G. Spare Parts Availability
1. CFMI will ship reasonable quantities (defined as three (3) months normal usage) of spare Parts
which are included in CFMI's Engine Spare Parts Catalog within a thirty (30) day lead time
following receipt of an acceptable purchase order from Airline.
Spare Parts and other CFMI furnished material which are not included in the CFM56 Engine Spare
Parts Price Catalog and for which lead time has not been quoted will be shipped as quoted by
CFMI.
2. CFMI will maintain a stock of spare Parts to cover Airline's emergency needs. For purposes of
this Paragraph, emergency is understood by CFMI and Airline to mean the occurrence of any one
of the following conditions:
AOG Aircraft on Ground
Critical Imminent AOG or Work Stoppage
Expedite Less than Normal Lead Time
Airline will order spare Parts according to lead time as provided in Paragraph 1. above, but
should Airline's spare Parts requirements arise as a result of an emergency, Airline can draw
such spare Parts from CFMI's stock. A 24 hour telephone service is available to Airline for
this purpose. If an emergency does exist, CFMI will ship required spare Part(s) within the
time period set forth below following receipt of an acceptable purchase order from Airline.
AOG *
Critical *
Expedite *
SECTION IV TECHNICAL DATA
A. CFMI shall make available to Airline the technical data, including revisions thereof, at no charge, in
the quantities as specified in Exhibit E and at a time and to a location as mutually agreed.
Such technical data shall be prepared by CFMI in accordance with the applicable provisions of ATA 100
or 2100 Specification (including necessary deviations) as the same may be revised from time to time.

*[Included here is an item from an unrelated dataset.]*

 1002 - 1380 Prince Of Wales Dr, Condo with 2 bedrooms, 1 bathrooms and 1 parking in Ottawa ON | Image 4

If Airline requires CFMI to furnish the technical data in a form different from that normally furnished
by CFMI pursuant to ATA 100 or 2100 Specification, or in quantities greater than those specified in
Exhibit E, CFMI will, upon written request from Airline, furnish Airline with a written quotation for
furnishing such technical data.
Revisions to the above technical data shall be furnished by CFMI to Airline at no charge for quantities
equivalent to the quantities specified in Exhibit E for as long as Airline operates one (1) CFM56
powered Aircraft and there is a total of five (5) CFM56 powered aircraft in commercial airline
service. Such quantities of revisions may be mutually modified in order to reflect any change in
Airline's CFM56 operation.
CFMI shall incorporate in the Engine Illustrated Parts Catalog and the Engine Manual all appropriate
CFMI Service Bulletins for as long as Airline receives revisions to technical information or data.
Premodified and postmodified configurations shall be included by CFMI unless Airline informs CFMI that
a configuration is no longer required.
B. CFMI will require each vendor to furnish technical data consisting of copies of a component maintenance
manual and service bulletins. Such vendor publications shall be furnished by CFMI to Airline in
accordance with and subject to the same provisions as those set forth in Paragraph A. above.
C. CFMI will also require its ground support equipment vendors, where appropriate, to furnish to
Airline, at no charge, technical data determined by CFMI to be necessary for Airline to maintain,
overhaul and calibrate special tools and test equipment. Such vendor furnished technical data shall be
furnished in accordance with and subject to the same provisions as those set forth in Paragraph A.
above, except that the technical data shall be prepared in accordance with the applicable provisions of
ATA 101 Specification, as the same may be revised from time to time.
D. The following technical data, not covered by ATA Specifications, shall be furnished by CFMI to
Airline in the quantities and at a time and to a location as mutually agreed:
o Installation Manual (if required)
o General Facility Study
o Parts serialization records
E. Where applicable, technical data as described in the above Paragraphs A., B. and D., furnished by CFMI
or by CFMI vendors to Airline hereunder, shall be printed in the simplified English language as defined
by AECMA (Association Europeenne des Constructeurs de Material Aerospatial).
F. In addition to the above technical data to be furnished by CFMI to Airline, CFMI will have available
with its resident representatives, where appropriate, one set of 35MM aperature cards or equivalent of
each part and/or assembly drawing. CFM will also supply, on request, in 35MM aperature card format,
one (1) copy of each special tool and equipment drawing.
G. All technical data furnished herein by CFMI to Airline shall be subject to the provisions of Article X,
"Information and Data", of this Agreement.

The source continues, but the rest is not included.